I’ve been listing all of the places of significant national or state level interest along the Great Plains Trail as it is currently envisioned. To wrap it up, here are a few more that the trail just misses – usually by only a few miles. It some cases, it may be possible to connect with these important places, but it remains to be seen how easily that can be accomplished. Nonetheless, the intrepid and determined thru hiker would be just a very short jaunt away from . . .
Mount Rushmore National Memorial, South Dakota – Need I say anything about this icon of our nation? I reckon anyone who has been alive during the last 75 years or so knows it pretty well.
Jewel Cave National Monument, South Dakota – This little gem (or jewel) is not so well known as Mt. Rushmore (few things are), but is pretty amazing in its own right. It is the 3rd longest cave in the world with over 170 miles of passageways that have been mapped and explored!
Bent’s Old Fort National Historic Site, Colorado – Built in 1833, this was once a very busy trading post along the old Santa Fe Trail in what is now southeast Colorado, but at the time it was operating, it was part of Mexico. In fact, it straddled the border of Mexico and the United States as it occupied both sides of the Arkansas River, which formed the international border from the 1820s to the 1840s. I think I have the rudimentary basics here, but if someone knows their Mexican history better than me, I’d be happy to learn more!
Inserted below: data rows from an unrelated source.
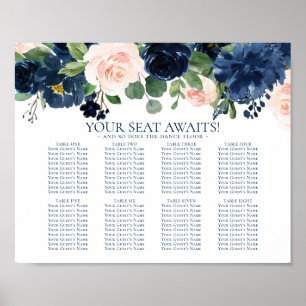 Chicens bloomar   Sittdiagram för marinering och   Poster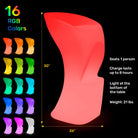 LED Bar Stool - HullaBalloo Sales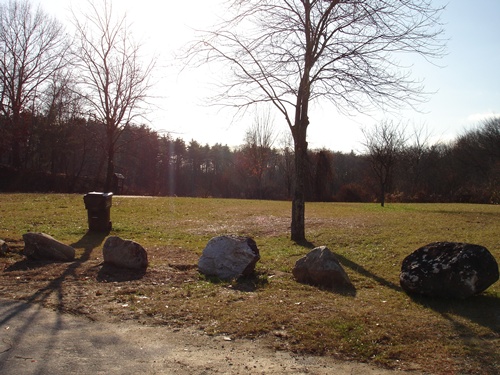 A view of the open field at Black Brook/Blodget Park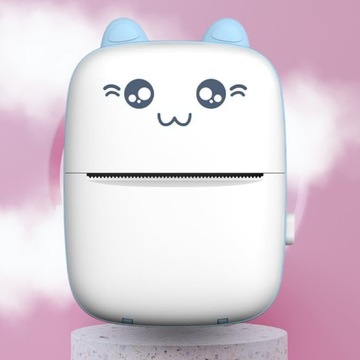 МИНИ ТЕРМОПРИНТЕР DRUKUŚ ДЛЯ МГНОВЕННОЙ ПЕЧАТИ ФОТО + ВАЛИКИ 21 ШТ.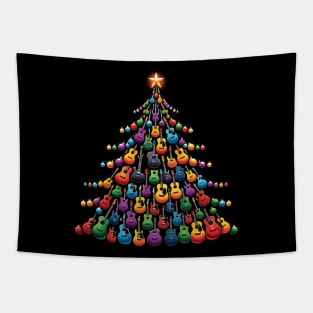 Guitar Christmas Tree Tapestry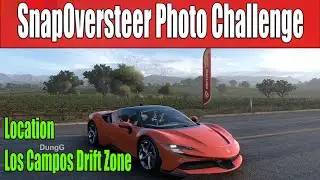 Forza Horizon 5 SnapOversteer Photo Challenge - The start gates of the Los Campos Drift Zone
Carlsbad Caverns National Park, New Mexico – Just to the north and east of Guadalupe Mountains National Park, this cave system is not as long as Jewel Cave, but is no less spectacular. The park includes the cave (of course) as well as thousands of acres of protected desert above the cave.
OK, why not? They’re soooooo close. Let’s add these four to our current total of 37 to arrive at a whopping grand total of 41 priceless treasures along the Great Plains Trail!